Before introducing the 9 musicians from rural Rajasthan to a keen audience at the Queen Elizabeth Hall, renowned percussionist Pete Lockett described the journey you’d have to take to visit one of their villages. First, you’d spend 9 or 10 hours on a plane flying from London to Delhi, where you’d then have to board a train or bus to Jaipur, a trip that could take anything upwards of 4 hours. Once in the Pink City, you’d have to find another bus – this one smaller and much less frequent – to take you out into the desert, and eventually, after 5 hours or more, to one of these musicians’ villages.

Pete spent 20 years visiting India before he made the journey himself, but when finally he did, he unearthed a musical world untouched by the West, free from the vices of fame and fortune, and thus preserved with an authenticity that he found irresistibly captivating.
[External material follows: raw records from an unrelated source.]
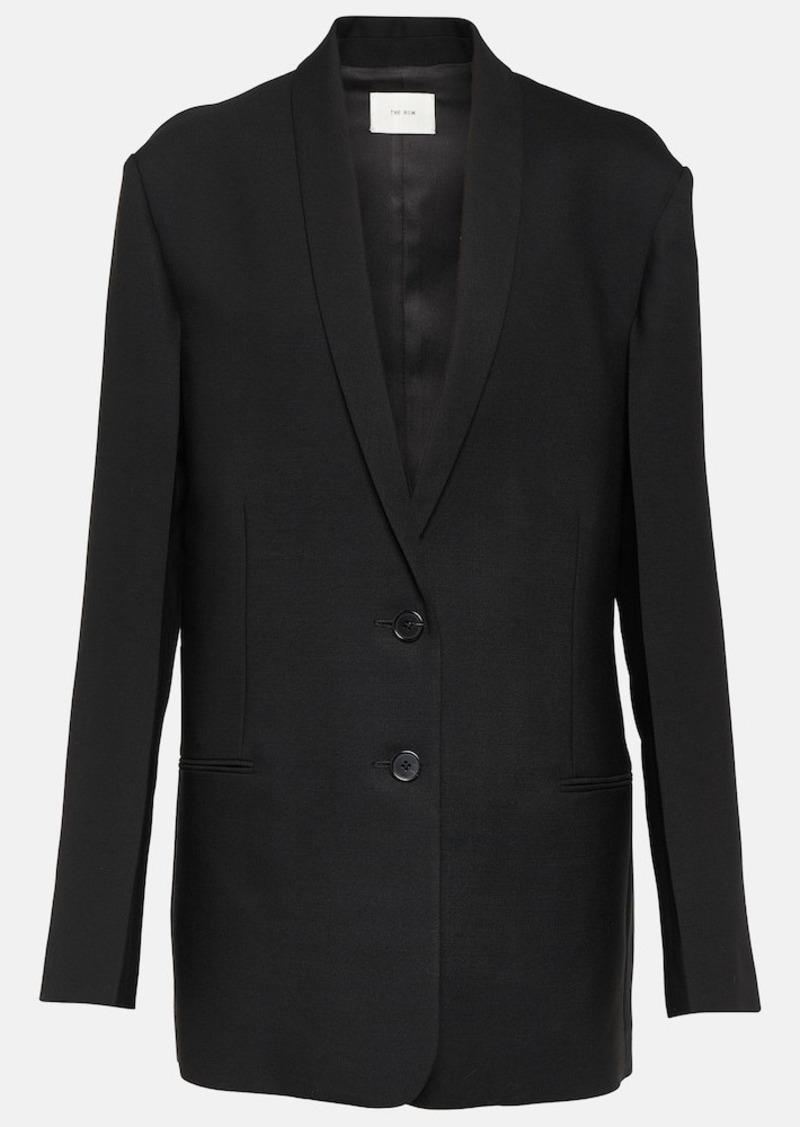 The Row Caped single-breasted wool blazer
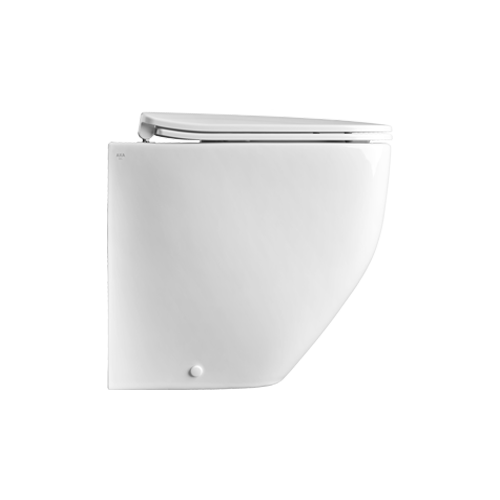 Унитаз напольный безободковый белый без бачка AXA White Jam без сиденья выпуск в стену 3312601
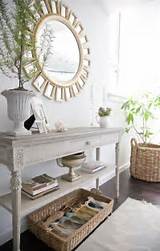 Images of Entry Table With Storage Baskets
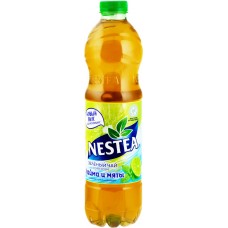 Напиток NESTEA Зеленый чай со вкусом лайма и мяты негазированный, 1.5л, Россия, 1.5 L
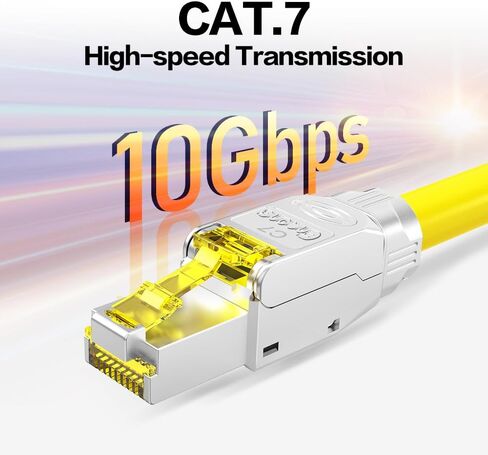 CAT6 RJ45 Connector Tool-free Unshielded CAT6 Connector Toolless for 23 to 26 AWG Network Cable (6PACK) in Kuwait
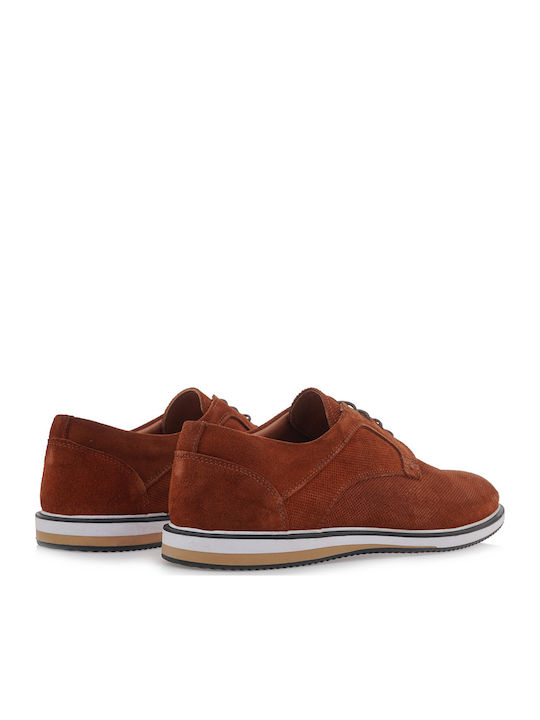 Men's Suede Casual Shoes Tabac Brown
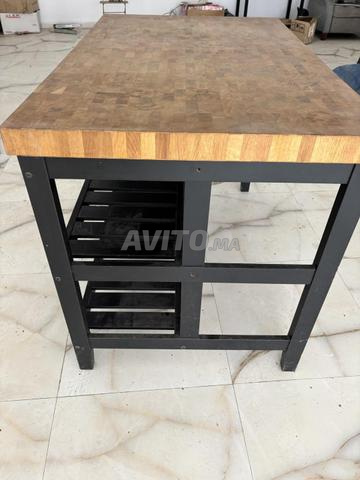 VADHOLMA Îlot pour cuisine, chêne, 126x79x90 cm - 2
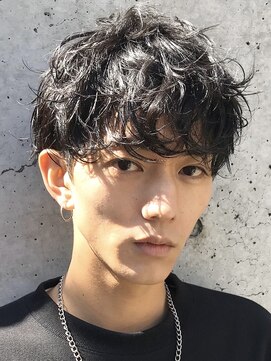 リット×ベリエ(Lit.×belier) ニュアンスパーマ/メンズマッシュ/スパイラルパーマ/薩摩川内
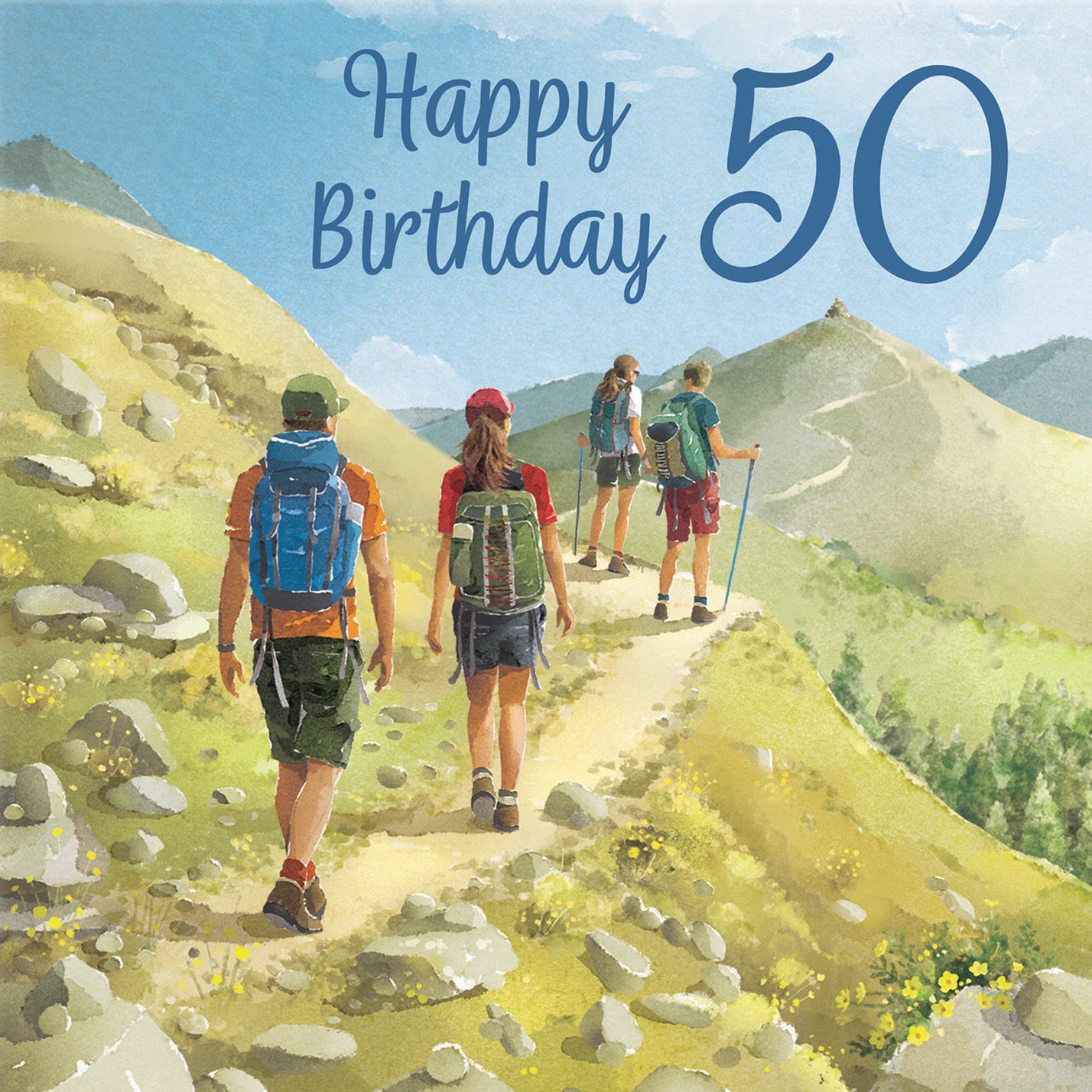 Walking 50th Birthday Card Milo's Gallery - Default Title (B0CR1THWBP)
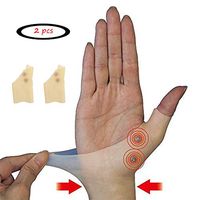ZAILHWK 2pcs Gel Wrist Thumb Support Braces Therapy Wrist Hand Thumb Gloves Soft Waterproof Breathable for Tenosynovitis Typing Pain Relief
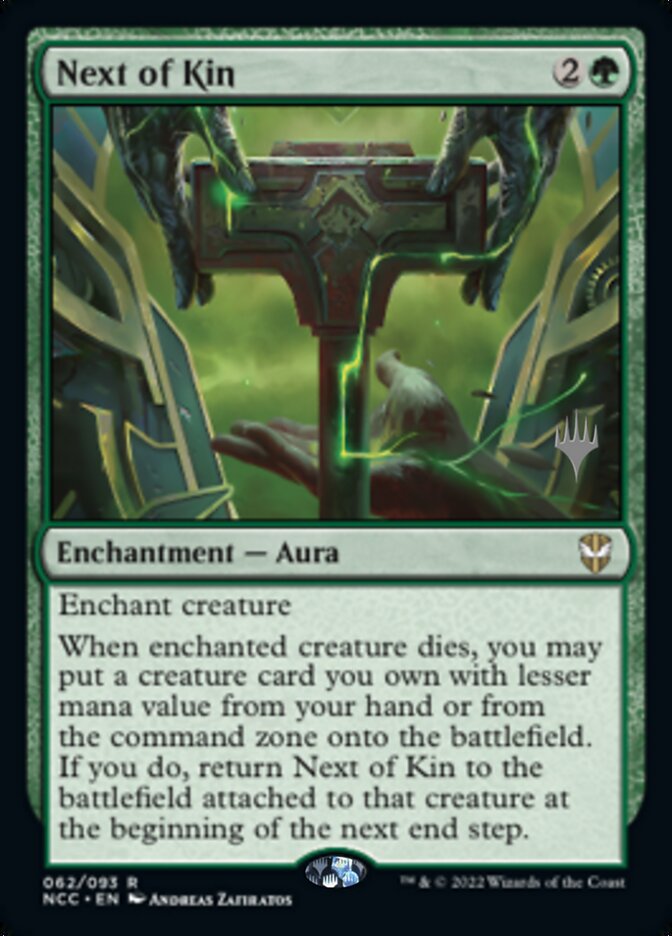 Next of Kin (Promo Pack) [Streets of New Capenna Commander Promos] - Destination Retro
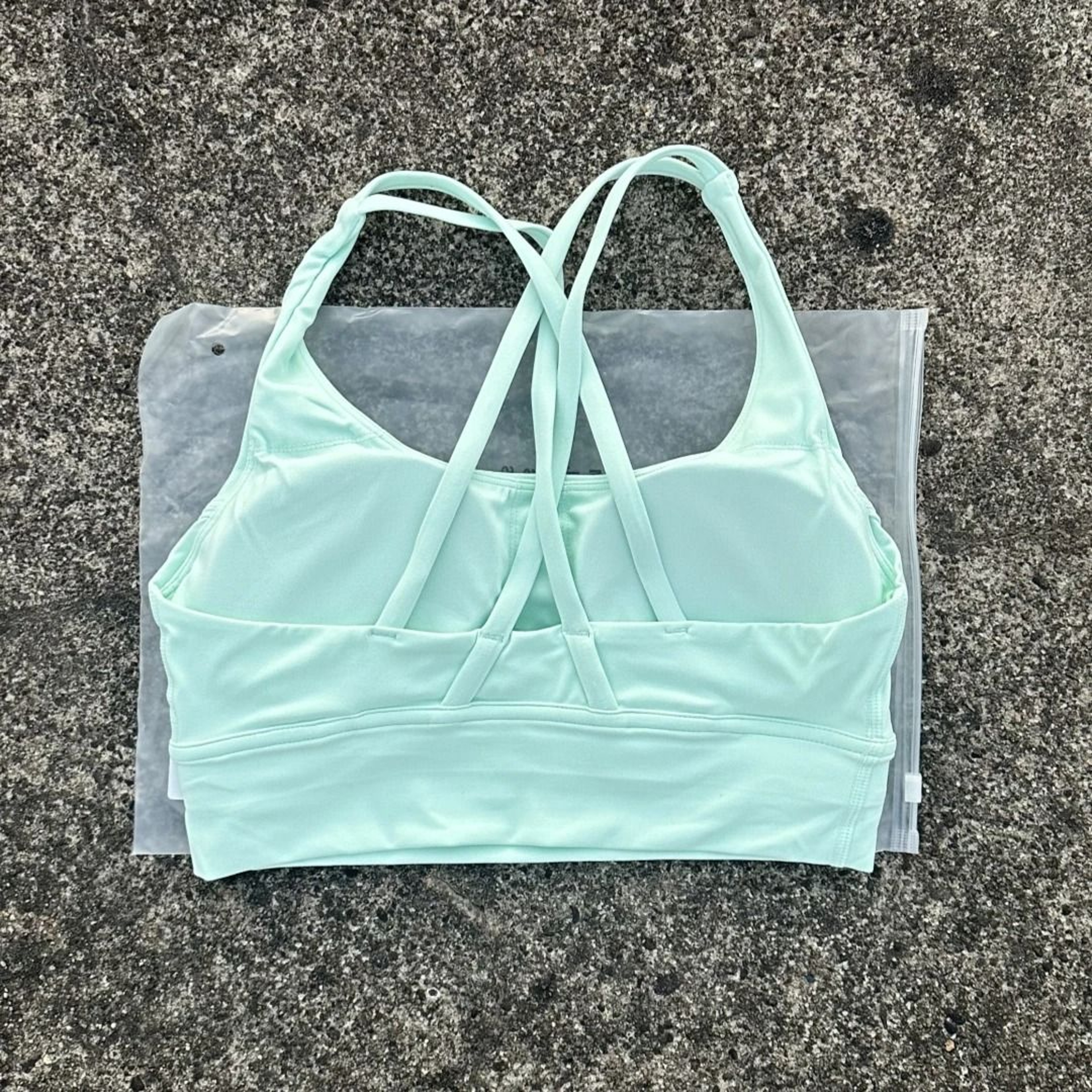 Solid Color Fitness Sport Bra Cross Back High Strength Comprehensive Training Top 21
Naturally, he collaborated, and with the support of the Jaipur Virasat Foundation built a number of musical relationships which, ultimately, is what brought us all to Alchemy.


They walked onto to the stage with palpable pride, apparently unaware that the privilege they felt to be playing in London paled in comparison to the privilege the audience felt in being able to witness a performance by 9 musicians who’ve barely set eyes beyond rural India. Their reserve, grace and measured movements only added to their charm, giving way to a raw intensity when they began playing their instruments. It was instantly mesmerising, and intensely evocative.

Lockett, who began the concert with a virtuosic solo performance demonstrating the full breadth of colours that can be painted by the percussion family, held the group together without once stifling the performance, adroitly blending traditional Indian rhythms and sounds with other musical flavours, from the clave pulse of samba to the dizzying scales of Tim Garland’s saxophone. At times, the dazzling diversity of musicianship meant it was difficult to know where to focus one’s attention.

Overall, the evening was a glorious exemplification of how music can transcend cultural boundaries, paying scarce regard to differences in language, tradition or place. It was fantastic to see a group of performers from such a broad variety of backgrounds play together, and to do so with a joy that was infectious, but even greater was the opportunity to peer directly into a new corner of the world. Those musicians will now travel from the heart of London back to the depths of Rajasthan, to a life far removed from our own, but for the briefest of moments our paths met, and that’s an experience I’ll never forget.